Die Versuchspersonen wussten dabei sehr genau, dass die Abfolge der Quadrate und Kreise eine rein willkürliche war. Doch wie Huettel, einer der beteiligten Neurobiologen, ausführt, ergeben sich auch in einer solchen zufälligen Abfolge immer wieder kurze Sequenzen von Mustern - wie etwa einige Kreise direkt hintereinander oder ein Wechsel von Kreis und Quadrat.
Präfrontaler Kortex sucht nach Mustern
Ein Gehirn-Scan sollte Aufschluss geben, ob das Gehirn trotz der Willkürlichkeit Muster sucht bzw. erkennt und welches Areal in diesem Fall aktiv ist.
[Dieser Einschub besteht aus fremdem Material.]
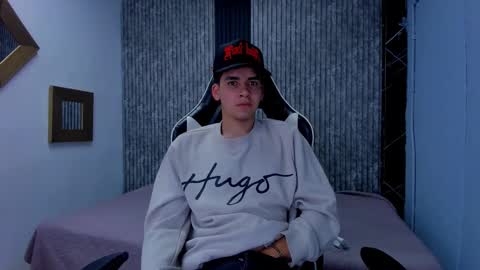 Mike 0233 online show from November 26, 2025, 5:08 am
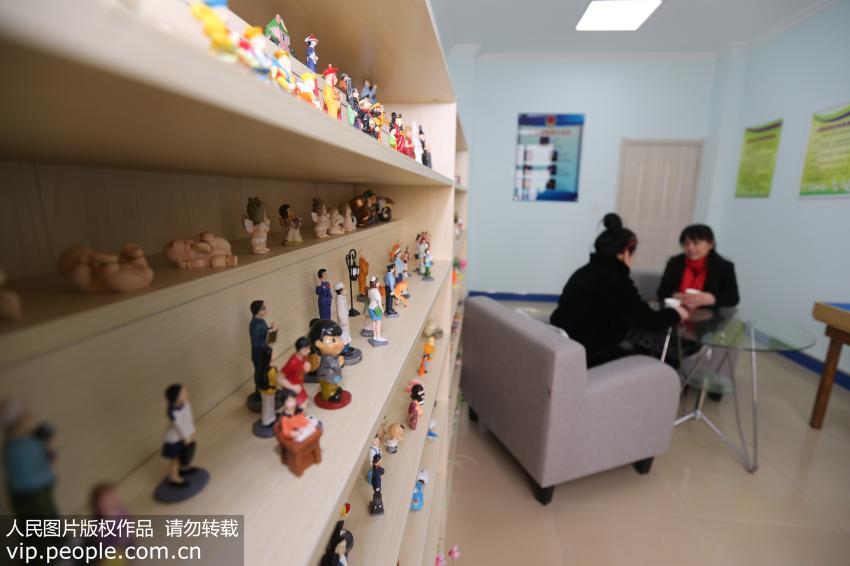 害怕与人交流,内向自卑胆小社交恐惧症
Unter "Verdacht" stand der so genannte Präfrontale Kortex, denn hier wird auf Grund früherer Studien das Arbeitsgedächtnis des Menschen vermutet.
->   Informationen zum Präfrontalen Kortex
Wie Huettel erklärt, konnte genau das beobachtet werden. Immer dann, wenn ein vermeintliches Muster durchbrochen wurde, zeigte sich im Präfrontalen Kortex eine gesteigerte Aktivität. Während die Versuchsperson äußerlich in keiner Weise überrascht reagierte, war der "Bruch" im Gehirn deutlich messbar.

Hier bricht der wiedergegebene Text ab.